1.6 Slopes of Tangents & Instantaneous Rates of Change - Period 4

Hi Everyone,

My Name is David L I will be the scribe of today's post.


Today lesson is about Instantaneous Rates of Change:


What is Instantaneous Rates of Change? How do we find it?

Instantaneous Rate of Change is an approximation of how a graph changes at a accurate instance in time.

Alternative 1: Find the slope of secant

E.g. In this scenario Point X (10,10) and Point Y (20,22) are points that the secant passes through.

Slope = delta d - delta t
= D2-D1 / T2 - T1
= (22 - 10) / (20 - 10)
= 12 / 10
= 1.2

Alternative 2: Use 2 points on the secant line (one being the tangent point and other is a point passing through secant line)

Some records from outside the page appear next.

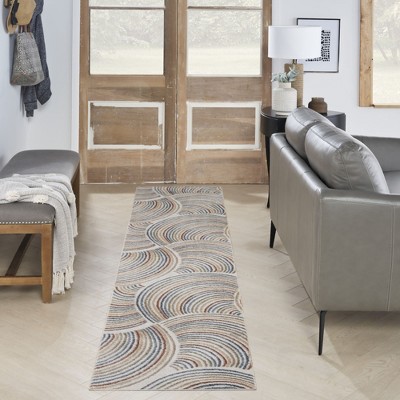 Astra Abstract Multicolor 2'2" x 10' Runner Wool-Synthetic Blend Rug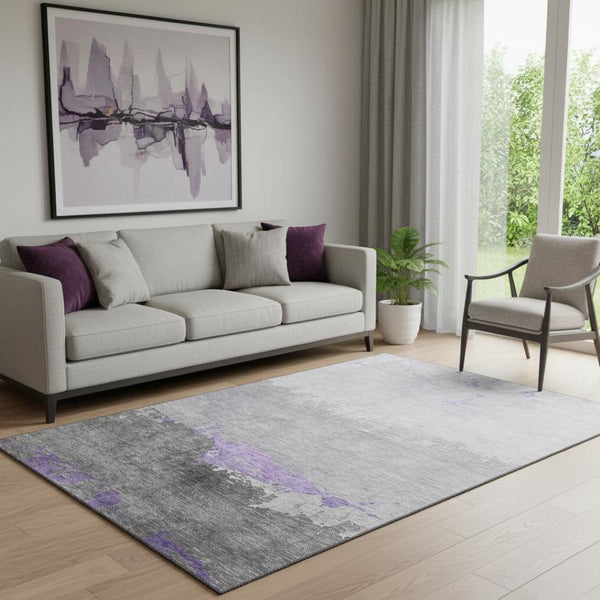 HomeRoots 8' Purple and Gray Abstract Washable Round Rug – Durable, UV-Protected, Stain-Resistant Design for Homes 706906
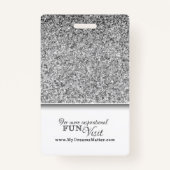 Silver Glitter Employee Zurse Doctor Foto Naam Badge (Achterkant)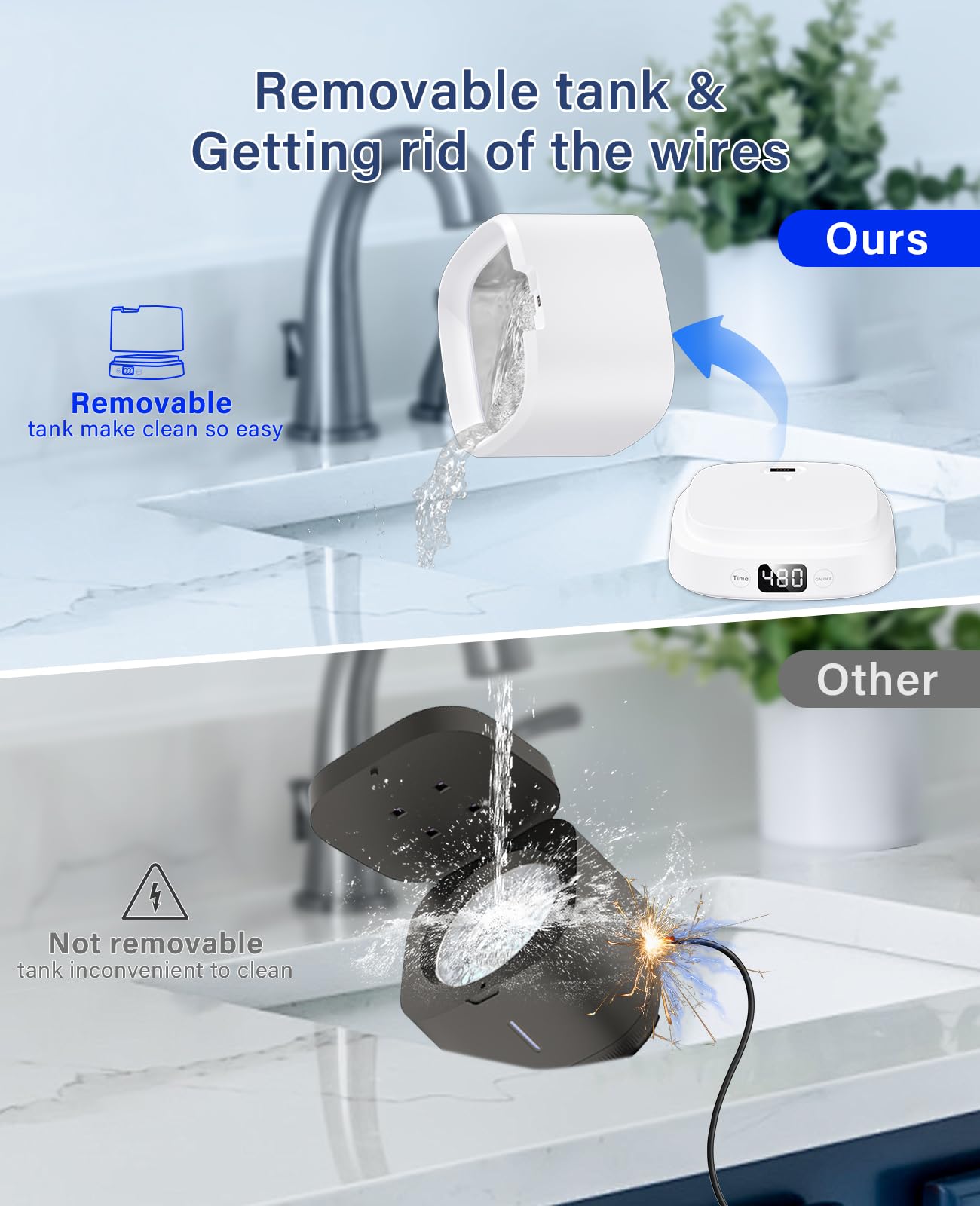 IAULF Ultrasonic Retainer Cleaner Machine, Dental Cleaning Pod, Sonic Retainer Cleaner Machine with Digital Timer for Dentures, Aligners, Braces, Night Guards, Jewelry 45kHz/319ml (White)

E.g. In this situation Point A (60,70) is secant point and Point B (70,80) is and regular point passing the secant line)

Slope = delta d - delta t
= D2-D1 / T2 - T1
= (80 - 70) / (70 - 60)
= 10 / 10
= 1.2 m/s

Alternative 3: Use an equation and set intervals between each point e.g. [0.1, 0.01,0.001]

e.g. The Instantaneous rate of change at 5.5 seconds:

h(t)=-4.2t^2+10t+2
h(5.5)=-4.2(5.5)^2+10(5.5)+2
h(5.5)=-70.05m

h(t)=-4.2t^2+10t+2
h(5.6)=-4.2(5.6)^2+10(5.6)+2
h(5.6)=-73.712m

h(t)=-4.2t^2+10t+2
h(t)=-4.2t^2+10t+2
h(5.1)=-4.2(5.1)^2+10(5.1)+2
h(5.1)=--70.41

h(t)=4.2t^2+10t+2
h(t)=4.2t^2+10t+2
h(5.01)=4.2(5.01)^2+10(5.01)+2
h(5.01)=-70.09

AROC(5.5,5.6)
=(-73.71--70.05) / (5.6-5.5)
=36.6m/s

AROC(5.5,5.51)
=(-70.41--70.05) / (5.51-5.5)
=-36m/s

AROC(5.5,5.501)
=(-70.09--70.05) / (5.501-5.5)
=-40m/s

Therefore the slope of tangent or instantaneous rates of change would be about -40 m/s.